KONYA (AA) - Diyanet İşleri Başkanı Ali Erbaş, cuma hutbesinde, Kerbela'daki aynı acıların bir daha yaşanmaması için ondan ders çıkarılması gerektiğini belirtti.
Erbaş, Konya Kent Ormanı'nda düzenlenen, İslam İzcileri Dostluk Kampı'ndaki açık alanda hutbe irat etti, cuma namazı kıldırdı.
Muharrem ayı ve Kerbela konulu cuma hutbesinde Erbaş, Muharrem ayıyla başlayan hicri takvimin, 1444'üncü yılının idrak edildiğini anımsattı.
Bu ayın, Hazreti Muhammed'in, "hürmete şayan" olarak nitelediği, rahmet ve hikmet dolu bir ay olduğunu aktaran Erbaş, "Efendimiz, 'Ramazan'dan sonra en faziletli oruç Allah'ın ayı olan Muharrem ayında tutulan oruçtur.' buyurarak, bu ayın manevi bereketine işaret etmiştir. Muharremin 10'uncu günü olan Aşure gününde ise bir gün öncesi veya bir gün sonrasıyla birlikte oruç tutmayı ümmetine tavsiye etmiştir." ifadelerini kullandı.
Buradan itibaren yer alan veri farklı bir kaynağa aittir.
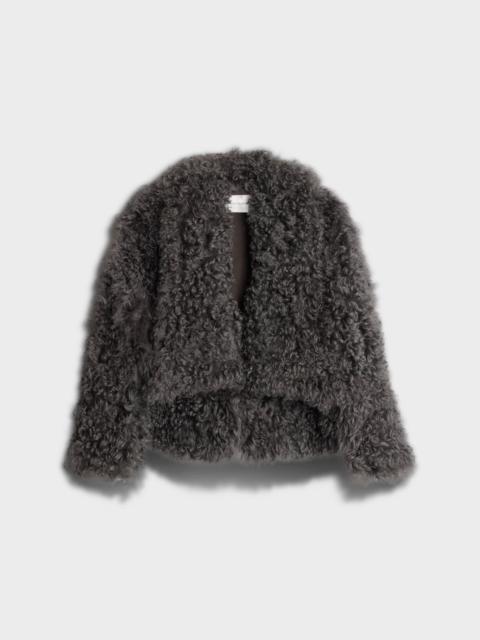 7 For All Mankind SHEARLING JACKET in Leather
Erbaş, Muharrem ayının, aynı zamanda Kerbela'nın hüzünlü hatırası olduğunu belirterek, şöyle devam etti:
"Muharrem, çöllerde bir yudum suyun özlemidir. Ehl-i Beyt aşkıyla dolu gönüllerin, 'Ah Hüseyin'im' diyerek sızladığı bir hasret mevsimidir. Seyyidüşşüheda Hazreti Hüseyin Efendimiz ve beraberindekilerin acımasızca şehit edildiği vaktin gözyaşlarıdır. O Hazreti Hüseyin ki, Resulullah'ın sevgili torunu, Ehl-i Beyti'dir. Hz. Aliyyü'l-Murtaza'nın, Hazreti Fatımatu'z-Zehra'nın ciğer paresidir. Rahmet peygamberinin 'Dünyadaki çiçeğim, reyhanım' diyerek bağrına bastığı, cennet gençlerinin efendisi olarak taltif ettiği yiğittir. O Hazreti Hüseyin ki Allah yolunda yüce bir ahlakın ve çağları aşan onurlu bir duruşun mümtaz temsilcisidir."
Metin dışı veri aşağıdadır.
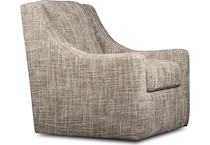 bella grey accent chair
Erbaş, Kerbela'nın, mezhebi, meşrebi ve düşüncesi ne olursa olsun, bütün ümmetin ortak acısı, Allah'a ve Resulüne iman eden, Ehl-i Beyt'e muhabbet besleyen her Müslüman'ın yürek sancısı olduğunu vurguladı.
- "Millet bu sevgiyi yüreklerinin ta derinliklerinde hissetmeye devam ediyor"
Neredeyse her evde bir Hasan, bir Hüseyin, bir Ali, bir Fatıma bulunan ve gönlü Evlad-ı Resül aşkıyla yanıp tutuşan aziz milletin, Ehl-i Beyt muhabbetinin asırlar geçtikçe daha da arttığını dile getiren Erbaş, milletin bu sevgiyi yüreklerinin ta derinliklerinde hissetmeye devam ettiğini kaydetti.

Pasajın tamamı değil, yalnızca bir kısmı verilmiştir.